**Your assignment**
The output is the line holding "Fotos na limousine rosa" and all lines after it to the end of the records below; restate them unchanged and add nothing.

Short web captions:
▬▬▬▬▬▬▬▬▬▬

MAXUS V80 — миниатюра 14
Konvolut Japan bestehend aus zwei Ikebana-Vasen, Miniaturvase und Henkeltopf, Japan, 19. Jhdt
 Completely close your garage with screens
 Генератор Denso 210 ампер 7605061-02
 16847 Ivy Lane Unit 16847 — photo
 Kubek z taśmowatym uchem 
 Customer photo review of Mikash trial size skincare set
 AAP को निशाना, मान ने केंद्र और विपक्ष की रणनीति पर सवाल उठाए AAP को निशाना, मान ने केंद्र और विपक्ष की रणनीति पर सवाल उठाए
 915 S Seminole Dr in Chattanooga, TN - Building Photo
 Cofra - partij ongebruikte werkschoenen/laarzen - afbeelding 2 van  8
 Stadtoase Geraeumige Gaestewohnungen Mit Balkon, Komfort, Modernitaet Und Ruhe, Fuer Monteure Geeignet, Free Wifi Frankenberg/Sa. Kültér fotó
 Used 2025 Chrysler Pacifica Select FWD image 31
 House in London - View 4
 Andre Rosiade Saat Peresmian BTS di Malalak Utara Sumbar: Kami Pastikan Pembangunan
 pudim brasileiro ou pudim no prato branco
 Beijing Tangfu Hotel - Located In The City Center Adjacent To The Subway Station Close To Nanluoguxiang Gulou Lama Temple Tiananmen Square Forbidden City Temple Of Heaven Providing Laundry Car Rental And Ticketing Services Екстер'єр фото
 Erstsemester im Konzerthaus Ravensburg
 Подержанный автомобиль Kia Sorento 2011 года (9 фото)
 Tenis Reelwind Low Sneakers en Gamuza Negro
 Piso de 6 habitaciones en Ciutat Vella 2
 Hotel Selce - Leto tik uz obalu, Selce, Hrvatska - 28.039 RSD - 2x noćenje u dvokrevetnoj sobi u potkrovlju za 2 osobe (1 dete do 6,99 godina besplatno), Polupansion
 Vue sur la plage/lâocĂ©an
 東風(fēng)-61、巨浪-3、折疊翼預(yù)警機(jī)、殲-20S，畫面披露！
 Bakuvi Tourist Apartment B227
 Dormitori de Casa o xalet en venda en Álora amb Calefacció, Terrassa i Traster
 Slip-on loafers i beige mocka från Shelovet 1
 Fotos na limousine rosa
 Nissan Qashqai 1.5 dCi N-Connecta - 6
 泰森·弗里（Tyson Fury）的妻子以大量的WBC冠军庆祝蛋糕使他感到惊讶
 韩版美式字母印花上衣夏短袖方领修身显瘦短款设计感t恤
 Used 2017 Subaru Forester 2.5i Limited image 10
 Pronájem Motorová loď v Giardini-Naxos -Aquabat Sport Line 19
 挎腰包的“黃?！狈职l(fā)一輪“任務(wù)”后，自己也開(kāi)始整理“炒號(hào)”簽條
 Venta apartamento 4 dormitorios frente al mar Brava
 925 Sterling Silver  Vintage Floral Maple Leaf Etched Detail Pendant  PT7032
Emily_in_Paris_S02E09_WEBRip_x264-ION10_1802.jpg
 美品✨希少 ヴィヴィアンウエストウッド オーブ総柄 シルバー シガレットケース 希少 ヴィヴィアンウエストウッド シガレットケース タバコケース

▬▬▬▬▬▬▬▬▬▬

**Worked solution**
 Fotos na limousine rosa
 Nissan Qashqai 1.5 dCi N-Connecta - 6
 泰森·弗里（Tyson Fury）的妻子以大量的WBC冠军庆祝蛋糕使他感到惊讶
 韩版美式字母印花上衣夏短袖方领修身显瘦短款设计感t恤
 Used 2017 Subaru Forester 2.5i Limited image 10
 Pronájem Motorová loď v Giardini-Naxos -Aquabat Sport Line 19
 挎腰包的“黃?！狈职l(fā)一輪“任務(wù)”后，自己也開(kāi)始整理“炒號(hào)”簽條
 Venta apartamento 4 dormitorios frente al mar Brava
 925 Sterling Silver  Vintage Floral Maple Leaf Etched Detail Pendant  PT7032
Emily_in_Paris_S02E09_WEBRip_x264-ION10_1802.jpg
 美品✨希少 ヴィヴィアンウエストウッド オーブ総柄 シルバー シガレットケース 希少 ヴィヴィアンウエストウッド シガレットケース タバコケース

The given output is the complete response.